Chris Carter’s season closer, The Erlenmeyer Flask, sets the template for the “conspiracy” episodes by tying the show’s first season cliffhanger revolve around shady government cover-ups and alien paranoia. Beyond the Sea deserves consideration when discussing the best Scully episode the show ever produced. E.B.E. and Fallen Angel make a compelling case for the popularity of the mythology arc.
Interestingly, these aren’t stand-alone tales, they are episodes that tend to tie to a larger internal continuity – even if it’s still hazy at this point. The government conspiracy doesn’t quite exist in any concrete form yet. The Cigarette-Smoking Man has had a single line. Deep Throat was our only true recurring character. However, these episodes provide a context for The X-Files. E.B.E. gives Deep Throat history. Fallen Angel puts the X-Files themselves at stake. Beyond the Sea explains Scully’s central philosophy and motivation.
The X-Files would become one of the first network television dramas to embrace serialisation, trying to balance the serialised “mytharc”, which often included character arcs for Mulder and Scully, with more conventional episodic adventures. The mytharc doesn’t quite exist yet. There’s no real sense, for example, how the cover-up in E.B.E. connects to the over-all government conspiracy, or how Fallen Angel directly relates to The Erlenmeyer Flask. The second season would tie all this together.

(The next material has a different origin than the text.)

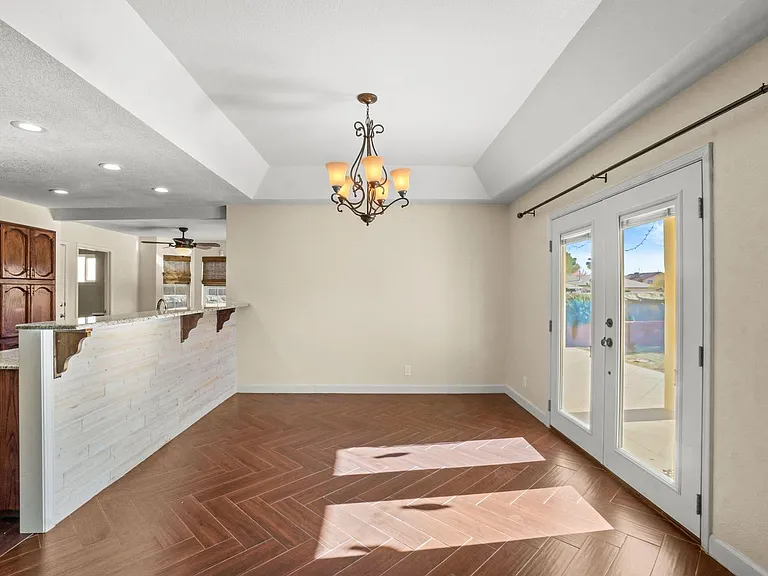 4332 Loma De Brisas Dr — Photo 21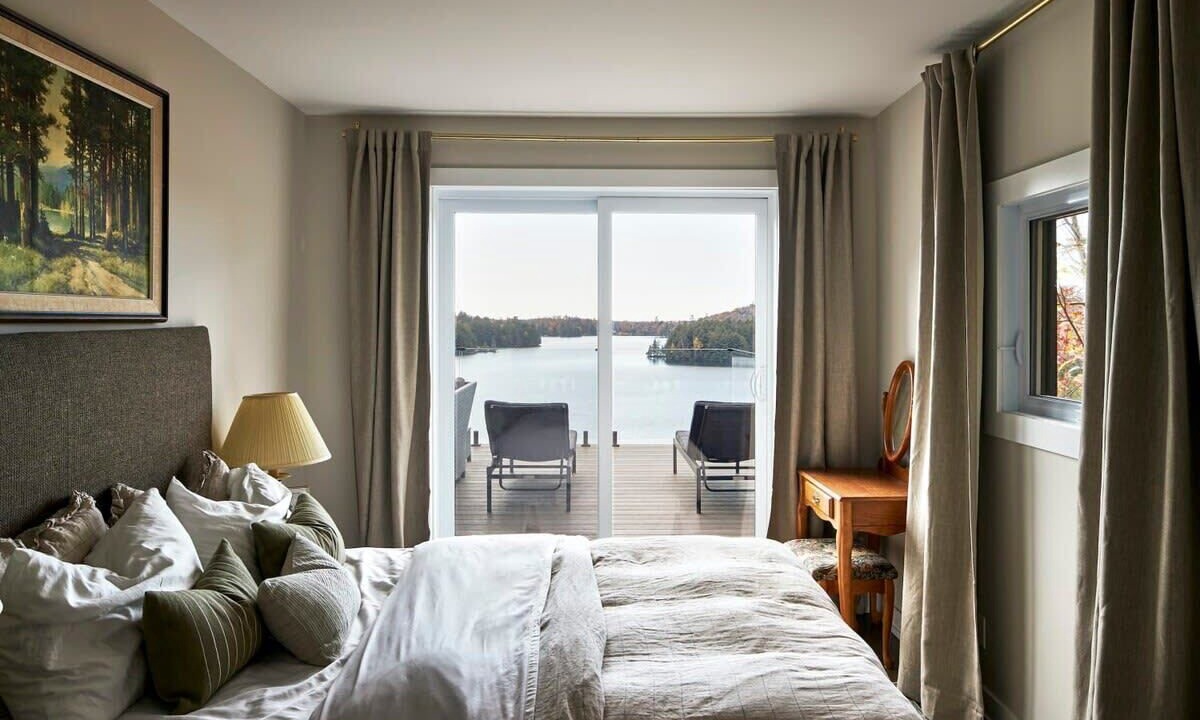 Photo of Bedroom in Val-des-Monts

For now, the first season is more keenly focused on establishing mood and tone, and it does that rather well. Anybody watching the show has a pretty good idea of what the show is capable of doing after twelve episodes – aliens, paranoia, ghost stories, the supernatural and fringe science. Sure, the show would get bolder and more experimental as it went on – there’s nothing here to hint at the gleeful insanity of X-Cops or The Post-Modern Prometheus – but the first season lays some essential groundwork, even if we don’t get much more than a foundation.
This brings us to what’s probably the biggest problem with the season. Once the show has defined its own boundaries and codified what makes an episode of The X-Files, it seems to lose a bit of energy. The first half of a first season is typically devoted to establishing what the show is to be about, but the second half can seem to lack focus or energy. There are lots of reasons for this.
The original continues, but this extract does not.